Medicare is adding 10,000 new beneficiaries a day as baby boomers reach age 65. But the report said that costs per beneficiary were essentially unchanged in 2013, for the second year in a row. That is a contrast with previous years, when both per-person costs and overall enrolment were growing.
Experts debate whether the health-spending slowdown is the result of a sluggish economy or represents a dividend from the health care overhaul, which cut program spending to finance coverage for the uninsured. Congress and the administration later agreed to more cuts.
The health law also tried to restructure Medicare to create incentives for doctors and hospitals to keep patients healthier by closely managing those with chronic health conditions. But the effects of those changes may take years to discern.
At the same time, private insurers have been shifting more costs to patients. That’s happening with employer coverage and with private plans through Medicare, including its prescription drug program.
When faced with higher costs out of their own pockets, patients often will switch to less expensive generic drugs, or maybe postpone a test or an elective procedure.
How all those trends converge, “no one knows and there is an active debate going on,” Blahous said. “That debate is certainly not one that the trustees are going to settle.”
The trustees are the secretaries of the Treasury, Health and Human Services, and Labor Departments, as well as the Social Security commissioner and two public trustees — a Democrat and a Republican.

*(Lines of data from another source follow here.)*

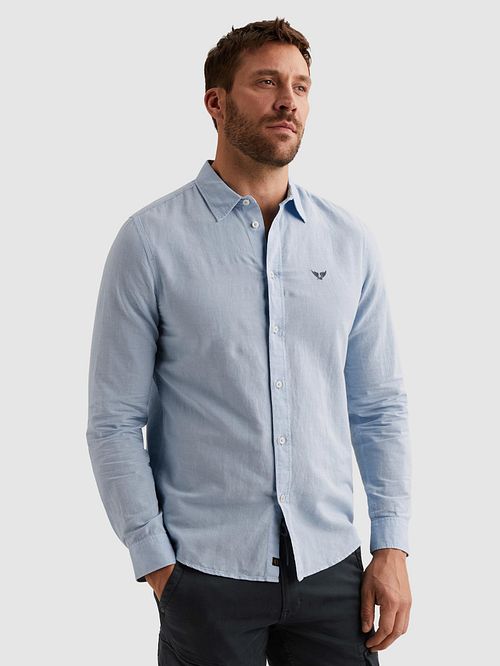 PME Legend Linnen Blend Overhemd Lichtblauw Model / Voorkant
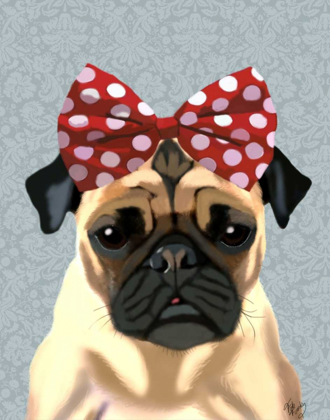 Picture of PUG WITH RED SPOTTY BOW ON HEAD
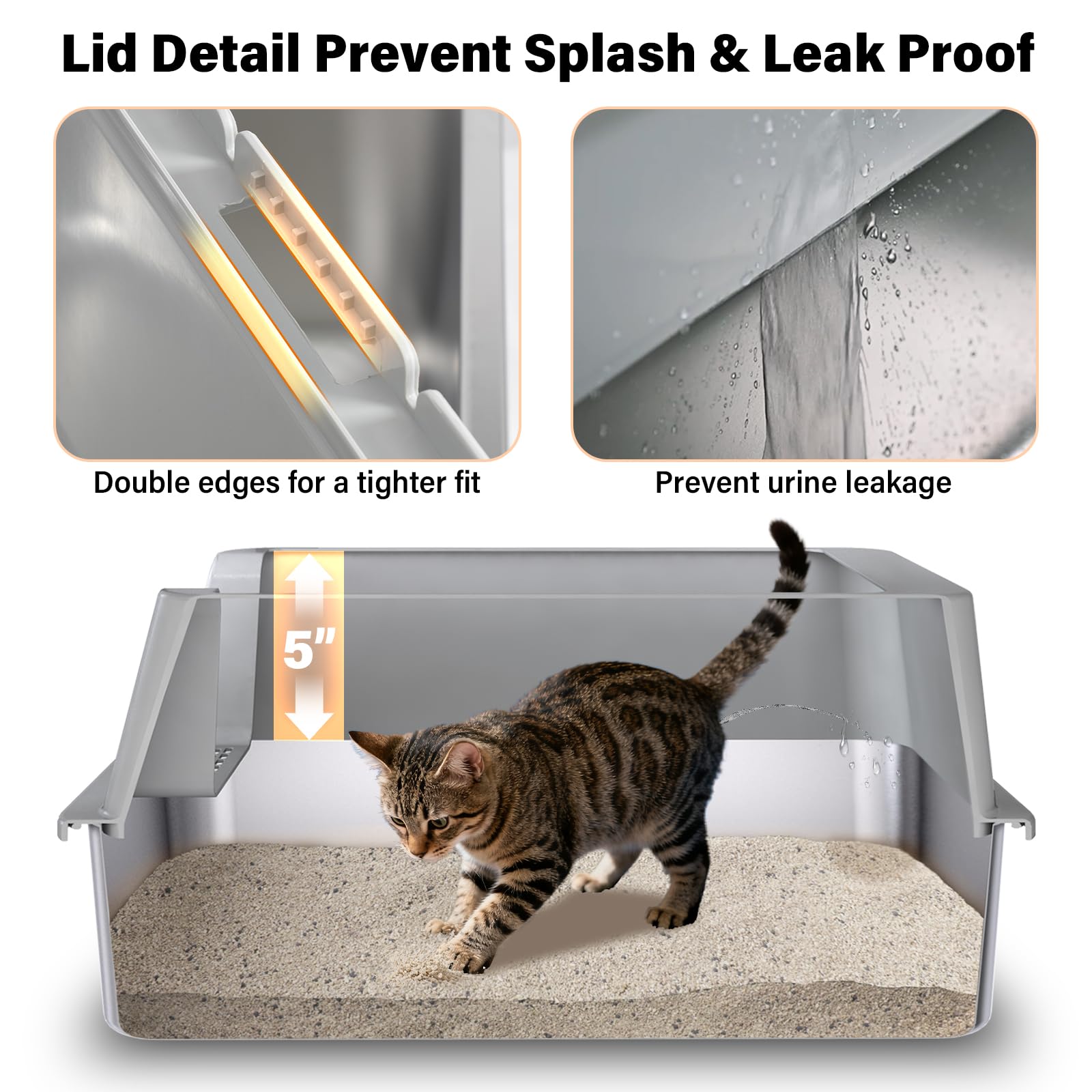TATAANTY odor-free metal litter box minimizes smells while clumping or crystal litter works well.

Social Security’s disability program could be shored up in the short run by shifting tax revenue from the much larger retirement program, as Congress has done in the past. However, that would slightly worsen the retirement program’s long-term finances.

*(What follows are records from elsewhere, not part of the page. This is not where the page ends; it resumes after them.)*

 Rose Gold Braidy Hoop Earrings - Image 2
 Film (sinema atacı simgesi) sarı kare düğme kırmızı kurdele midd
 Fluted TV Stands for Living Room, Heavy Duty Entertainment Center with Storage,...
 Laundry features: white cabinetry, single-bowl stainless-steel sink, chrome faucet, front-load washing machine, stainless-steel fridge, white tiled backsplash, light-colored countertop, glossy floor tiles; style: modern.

Lew endorsed such a move Monday.
If the two trust funds were combined, they would have enough money to last until 2033, the report said. That’s the same exhaustion date as in last year’s report.
About 58 million people receive Social Security benefits, including 41 million retired workers and dependents, 11 million disabled workers and 6 million survivors of deceased workers.

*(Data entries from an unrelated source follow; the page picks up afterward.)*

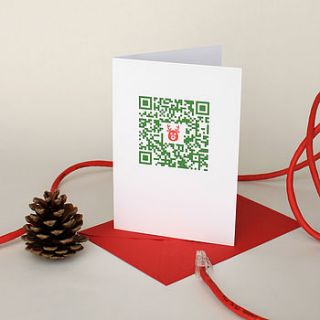 geeky qr code 'reindeer' christmas card by geek cards for the love of geek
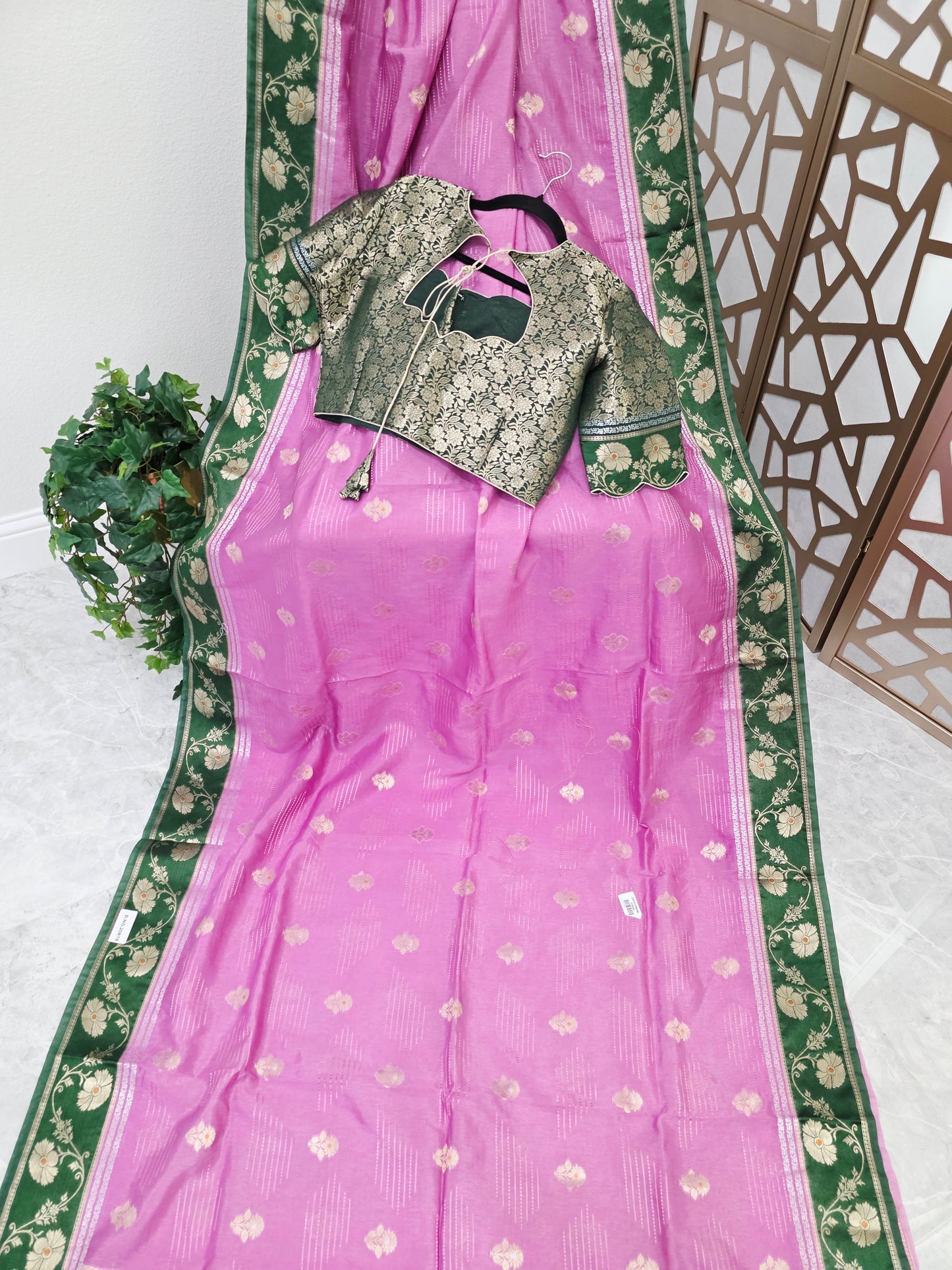Rose Pink Soft Benarasi Silk Saree with Forest Green Floral Border & Gold Brocade Pallu | Stitched Brocade Blouse Size 40, Extendable to 46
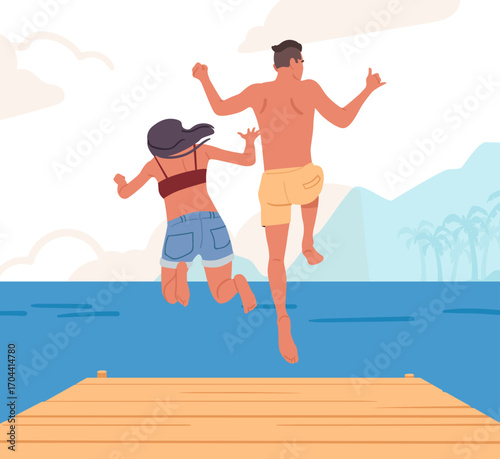 Happy carefree young man and woman tourists jumping into water back view in dynamic motion pose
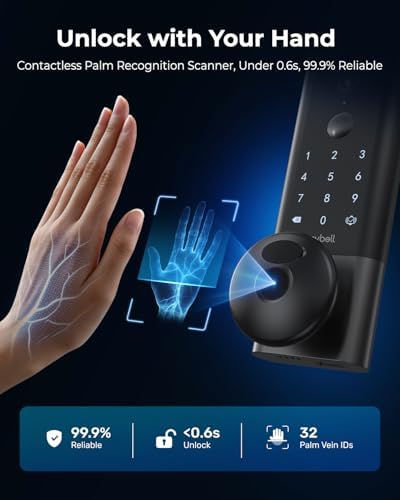 Palm Vein Smart Video Door Lock Wi-Fi Deadbolt for Front Door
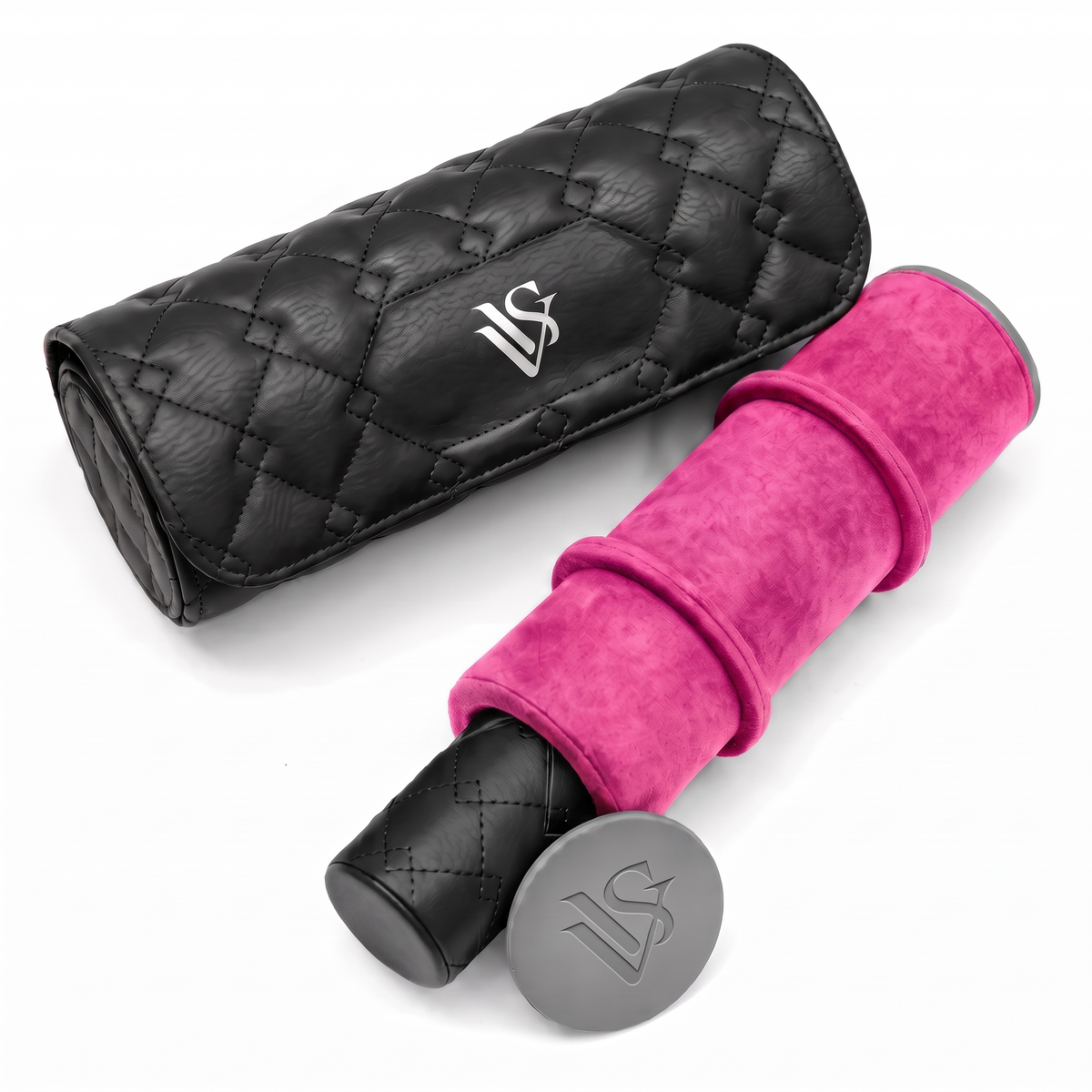 [Black/Miami Pink] VVS Leather Three Watch Roll, Miami pink suede sleeve with black quilted case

More than 50 million retirees and disabled people get Medicare. The hospital trust fund is only part of the program. Coverage for outpatient care and prescription drugs is covered by premiums and other government spending.
The trustees cautioned that the outlook for Medicare could change rapidly if health costs start to take off again, or if hospitals, doctors and insurers succeed in reversing some of the recent cuts to program spending.